Other courts have addressed these questions, and have set up certain additional procedural requirements which seem to be generally accepted, in various forms, by many other courts: (1) the accused must be the one to initially request the right; (2) the demand must be timely; and (3) the request to represent oneself must not be used as a delaying tactic.

We hold that these additional procedural requirements are appropriate when a defendant wants to exercise his right to self-representation. We further hold that when a defendant fails to make a timely request to proceed pro se, the trial court has discretion in deciding whether to allow appellant the exercise of the right. This allowance of discretion is based on the rationale that the State has an interest in avoiding disruptions and delays which could occur if an untimely request to proceed pro se is granted.

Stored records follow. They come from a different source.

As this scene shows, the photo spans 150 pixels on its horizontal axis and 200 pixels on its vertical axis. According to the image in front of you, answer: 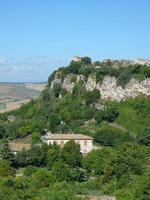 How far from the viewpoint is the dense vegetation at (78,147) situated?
3684cm

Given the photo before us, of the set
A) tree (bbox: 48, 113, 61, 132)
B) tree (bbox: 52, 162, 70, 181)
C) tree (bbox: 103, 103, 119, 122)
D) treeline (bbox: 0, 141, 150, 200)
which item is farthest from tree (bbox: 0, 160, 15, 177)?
tree (bbox: 103, 103, 119, 122)

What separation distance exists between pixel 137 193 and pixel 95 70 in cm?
3602

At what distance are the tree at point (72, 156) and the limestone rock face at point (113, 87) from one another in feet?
50.3

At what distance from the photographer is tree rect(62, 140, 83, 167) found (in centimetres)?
4853

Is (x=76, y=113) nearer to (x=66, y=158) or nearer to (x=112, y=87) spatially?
(x=112, y=87)

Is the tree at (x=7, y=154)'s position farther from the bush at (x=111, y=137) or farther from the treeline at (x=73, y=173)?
the bush at (x=111, y=137)

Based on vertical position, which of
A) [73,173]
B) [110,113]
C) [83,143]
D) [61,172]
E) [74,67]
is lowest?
[73,173]

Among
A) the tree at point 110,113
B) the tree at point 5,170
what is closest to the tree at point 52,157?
the tree at point 5,170

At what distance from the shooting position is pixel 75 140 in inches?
2227

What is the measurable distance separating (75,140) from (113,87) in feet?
38.8

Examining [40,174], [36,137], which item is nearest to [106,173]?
[40,174]

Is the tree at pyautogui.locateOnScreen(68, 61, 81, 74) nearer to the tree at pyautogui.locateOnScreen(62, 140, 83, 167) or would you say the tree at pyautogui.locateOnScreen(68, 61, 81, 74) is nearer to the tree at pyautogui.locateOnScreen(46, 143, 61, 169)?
the tree at pyautogui.locateOnScreen(62, 140, 83, 167)

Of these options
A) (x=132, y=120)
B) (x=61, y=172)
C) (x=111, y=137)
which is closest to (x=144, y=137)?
(x=111, y=137)

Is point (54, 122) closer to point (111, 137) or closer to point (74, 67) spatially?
point (111, 137)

People v. Hall, 87 Cal.App.3d 125, 150 Cal.Rptr. 628 (1978); Hamiel v. State, 92 Wisc.2d 656, 285 N.W.2d 639 (1979); Russell v. State, supra.

State v. Fritz, 21 Wash.App. 354, 585 P.2d 173, 178 (1978), set out rules concerning whether a defendant's request to proceed pro se can be a matter within the trial court's discretion:

"The cases * * * have generally held: (a) if made well before the trial or hearing and unaccompanied by a motion for continuance, the right of self-representation exists as a matter of law; (b) if made as the trial or hearing is about to commence, or shortly before, the existence of the right depends on the facts of the particular case with a measure of discretion reposing in the trial court in the matter; and (c) if made during the trial or hearing, the right to proceed pro se rests largely in the informed discretion of the trial court."

The request for self-representation which appellant made on a Friday preceding the Monday the trial was to start, was a request we deem as not being made within a reasonable time. Because of the intervention of the weekend, appellant's request was in effect made the day before the trial was to begin. In People v. Windham, 19 Cal.3d 121, 137 Cal.Rptr. 8, 560 P.2d 1187 (1977), the defendant during trial made a motion for self-representation....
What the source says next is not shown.